Some function values are difficult to compute manually, but we can approximate them using the derivative with the following formula:

\[ f(x_0 + a) = f(x_0) + f'(x_0)*a.\]

For example, let \(g(x) = \sqrt{x}.\) It’s fairly difficult to compute \(\sqrt{9.1}\) by hand. However, \(g(9)\) and \(g'(9)\) are pretty easy to compute. (Mini-exercise–find \(g'(x)\) using the power rule.) We can approximate \(g(9.1)\) as

\[g(9.1) \approx g(9) + g'(9)*0.1 = 3 + \frac{1}{2\sqrt{9}}*0.1 = 3 + \frac{1}{6}*0.1 = 3.01666...\] If we compute \(\sqrt{9.1}\) directly, we get 3.016621. That’s a really good approximation! This is actually how computers calculate many function values under the hood, and back before we had computers to do it, humans did this work!

Optimization

We can also use differentiation to find the maximum and minimum values of a function. This is how we derive many formulas in statistics, including the formulas for most types of regression. A full discussion of optimization is beyond the scope of this lecture, but we can touch on it conceptually. Consider the function \(f(x) = 36 - x^2,\) which looks like this:

func <- function(x) {36 - x^2}

ggplot(data = data.frame(x = c(-7:7)), aes(x=x)) +
  stat_function(fun = func)

Visually, we can see that \(f(x)\) has a maximum at \(x = 0.\) What is true of the derivative at this point?

It turns out that for any function \(f\) that is differentiable on the interval \([a,b]\) and has a maximum or minimum value, the maximum or minimum occurs at one of the following points:

\(f(a)\) or \(f(b)\)
Any values of \(x\) for which \(f'(x) = 0.\)

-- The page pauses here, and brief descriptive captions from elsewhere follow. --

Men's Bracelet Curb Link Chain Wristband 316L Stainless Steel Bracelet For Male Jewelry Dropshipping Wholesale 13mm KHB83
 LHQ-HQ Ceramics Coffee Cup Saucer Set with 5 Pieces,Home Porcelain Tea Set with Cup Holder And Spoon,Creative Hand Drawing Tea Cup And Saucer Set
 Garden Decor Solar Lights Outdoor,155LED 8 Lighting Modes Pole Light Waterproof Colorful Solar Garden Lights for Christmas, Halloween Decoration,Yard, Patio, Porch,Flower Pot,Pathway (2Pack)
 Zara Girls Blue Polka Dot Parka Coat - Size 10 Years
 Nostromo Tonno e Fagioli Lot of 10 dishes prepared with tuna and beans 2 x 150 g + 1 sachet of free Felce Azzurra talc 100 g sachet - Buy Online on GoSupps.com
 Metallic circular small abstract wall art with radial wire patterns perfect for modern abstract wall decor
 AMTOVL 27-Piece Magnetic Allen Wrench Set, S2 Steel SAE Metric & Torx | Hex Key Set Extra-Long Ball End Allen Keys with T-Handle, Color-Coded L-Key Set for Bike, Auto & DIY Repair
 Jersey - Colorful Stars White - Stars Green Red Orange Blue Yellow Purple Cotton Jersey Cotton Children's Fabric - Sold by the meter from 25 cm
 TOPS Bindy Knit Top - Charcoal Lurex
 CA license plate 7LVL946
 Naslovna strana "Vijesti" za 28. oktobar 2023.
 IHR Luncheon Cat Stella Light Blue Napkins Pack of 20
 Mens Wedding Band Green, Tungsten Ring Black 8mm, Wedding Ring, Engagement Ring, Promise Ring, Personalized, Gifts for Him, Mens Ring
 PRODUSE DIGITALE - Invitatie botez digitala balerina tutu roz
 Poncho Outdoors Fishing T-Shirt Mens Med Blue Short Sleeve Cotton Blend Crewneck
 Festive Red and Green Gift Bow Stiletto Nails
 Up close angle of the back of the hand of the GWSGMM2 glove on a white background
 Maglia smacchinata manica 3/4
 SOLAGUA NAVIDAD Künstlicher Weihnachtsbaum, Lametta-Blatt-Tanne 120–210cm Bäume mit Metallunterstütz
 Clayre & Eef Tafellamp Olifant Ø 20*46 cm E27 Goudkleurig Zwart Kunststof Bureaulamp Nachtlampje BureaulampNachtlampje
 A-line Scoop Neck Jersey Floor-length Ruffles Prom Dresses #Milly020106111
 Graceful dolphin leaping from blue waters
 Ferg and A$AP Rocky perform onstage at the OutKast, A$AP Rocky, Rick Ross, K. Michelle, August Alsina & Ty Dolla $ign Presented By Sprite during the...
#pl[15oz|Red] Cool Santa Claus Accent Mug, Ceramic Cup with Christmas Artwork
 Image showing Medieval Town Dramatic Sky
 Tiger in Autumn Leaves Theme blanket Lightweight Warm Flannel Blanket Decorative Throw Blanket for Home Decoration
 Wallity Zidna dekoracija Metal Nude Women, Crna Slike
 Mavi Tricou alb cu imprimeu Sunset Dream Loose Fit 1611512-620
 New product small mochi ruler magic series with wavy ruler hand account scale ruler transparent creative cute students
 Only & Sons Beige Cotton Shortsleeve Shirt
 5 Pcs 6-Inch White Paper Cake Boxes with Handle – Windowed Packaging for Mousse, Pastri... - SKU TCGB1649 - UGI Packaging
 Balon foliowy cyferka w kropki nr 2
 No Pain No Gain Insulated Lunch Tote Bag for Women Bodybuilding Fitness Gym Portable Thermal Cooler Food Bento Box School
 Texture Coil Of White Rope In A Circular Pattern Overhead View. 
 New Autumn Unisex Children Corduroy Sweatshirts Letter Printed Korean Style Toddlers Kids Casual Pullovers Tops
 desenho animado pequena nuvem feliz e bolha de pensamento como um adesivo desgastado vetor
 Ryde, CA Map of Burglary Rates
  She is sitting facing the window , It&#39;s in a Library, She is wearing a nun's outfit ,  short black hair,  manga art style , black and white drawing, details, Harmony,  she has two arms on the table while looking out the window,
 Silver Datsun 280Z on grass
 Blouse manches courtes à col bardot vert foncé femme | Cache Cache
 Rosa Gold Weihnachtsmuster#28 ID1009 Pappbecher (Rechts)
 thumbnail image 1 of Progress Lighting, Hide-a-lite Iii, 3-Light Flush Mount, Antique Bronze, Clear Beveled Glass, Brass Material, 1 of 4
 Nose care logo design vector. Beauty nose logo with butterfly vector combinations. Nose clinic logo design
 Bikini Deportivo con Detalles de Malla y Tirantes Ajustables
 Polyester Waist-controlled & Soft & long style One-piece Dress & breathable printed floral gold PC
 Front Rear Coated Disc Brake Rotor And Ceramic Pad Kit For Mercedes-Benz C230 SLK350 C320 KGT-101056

There’s also something called the Second Derivative Test that helps us figure out whether these points are maxima, minima, or neither, which also relies on differentiation. For the sake of time, I won’t cover that test now, nor will I ask you to actually find any maxima or minima (although it’s easy to find practice problems elsewhere). For now, just know that being able to calculate the exact value(s) of \(x\) that maximize or minimize any differentiable function we want is essential for statistics (and many other fields), and it would be extremely difficult to do this without calculus.

Conclusion

Today, we’ve learned about one branch of calculus, differentiation. Tomorrow we will focus on another branch, integration, which was actually developed first. Differentiation is all about finding the instantaneous rate of change of a function, which turns out to be extremely useful. Integration will focus on something conceptually different–the accumulation of change by a function over an interval. The connection between differentiation and integration may not be obvious yet (and if you already know it, try not to spoil it for everyone else!). By the end of tomorrow, you should have a good grasp of what differentiation and integration are, why you might want to do them, and how they’re related.